Vujadinović received the forty-first position on the DS's electoral list in the 2007 Serbian parliamentary election. The list won sixty-four seats, and Vujadinović was included in his party's delegation. (From 2000 to 2011, parliamentary mandates were awarded to sponsoring parties or coalitions rather than to individual candidates, and it was common practice for the parties to distribute their mandates out of numerical order. Vujadinović's position on the list – which was in any event mostly alphabetical, the letter "V" appearing close to the start of the Serbian alphabet – had no bearing on whether he received a mandate.) The DS formed an unstable coalition government with the rival Democratic Party of Serbia (Demokratska stranka Srbije, DSS) and G17 Plus after the election, and Vujadinović served as a supporter of the ministry. In September 2007, he wrote an opinion piece for Danas about the corrosive effects of television on assembly debates.


Vujadinović was born in Rosići, Kosjerić, in what was then the People's Republic of Serbia in the Federal People's Republic of Yugoslavia. He held a master's degree degree from the University of Belgrade Faculty of Economics. He worked at Valjaonica bakra Sevojno from 1977 to 1990 and held managerial jobs in the copper sector from 1997 to 1999 and again from 2004 to 2007. He was also director of RTV Studio B's economic and legal department in the 1990s. He resigned from the latter position in October 1997 as part of a large-scale protest against the Belgrade city government's dismissal of the station's leadership, which occurred after the breakup of the Zajedno political coalition in the city and Zoran Đinđić's removal as mayor.

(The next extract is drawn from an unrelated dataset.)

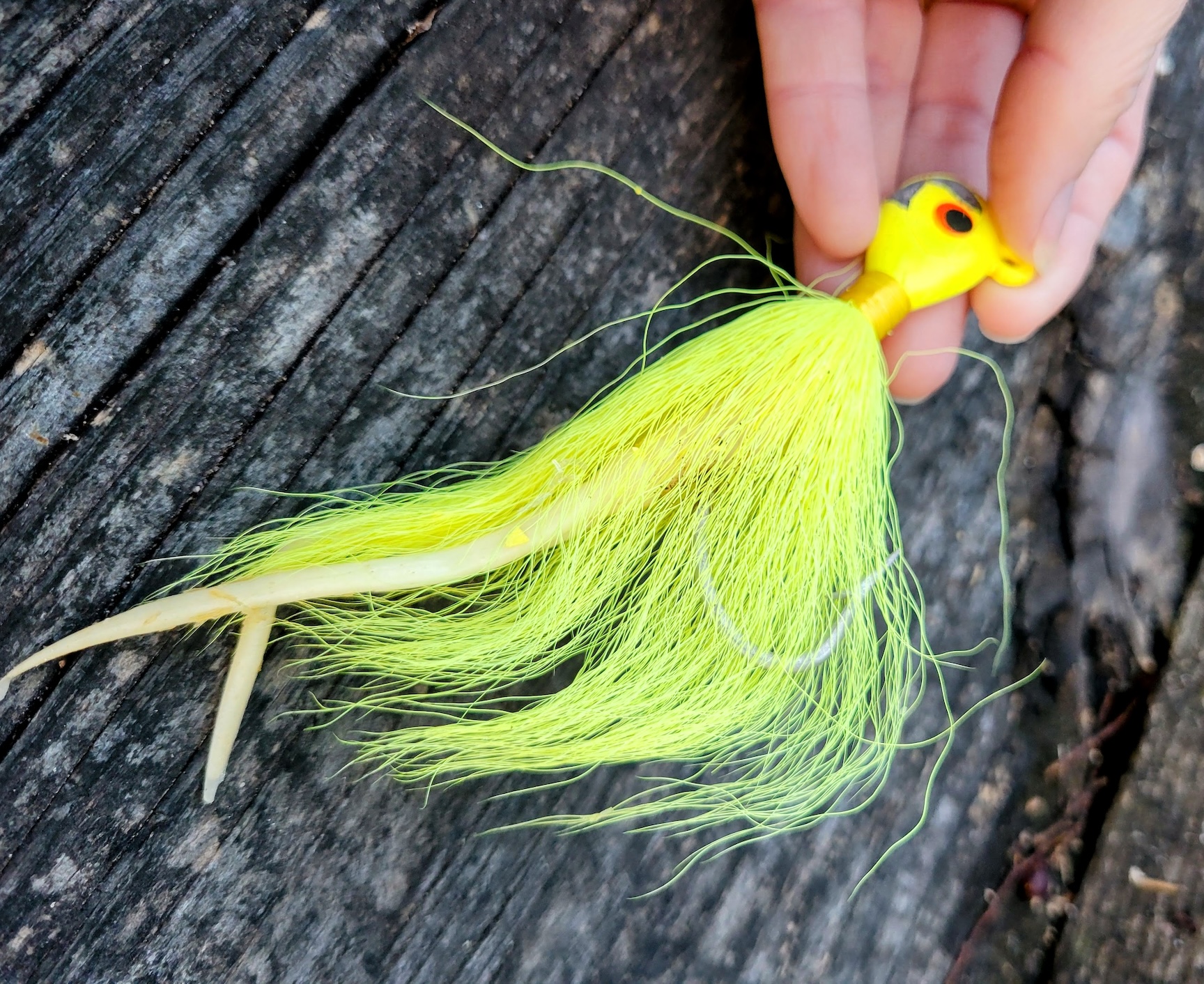 A hand holds a chartreuse bucktail with a yellow head and a soft plastic trailer.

Dragan Vujadinović (Serbian Cyrillic: Драган Вујадиновић; 16 December 1953 – 23 December 2021) was a Serbian politician, economist, and journalist. He served in the National Assembly of Serbia from 2007 to 2009 and was the mayor of Kosjerić from 2009 to 2012. Originally with the Democratic Party (Demokratska stranka, DS), he was later a member of the breakaway Social Democratic Party (Socijaldemokratska stranka, SDS).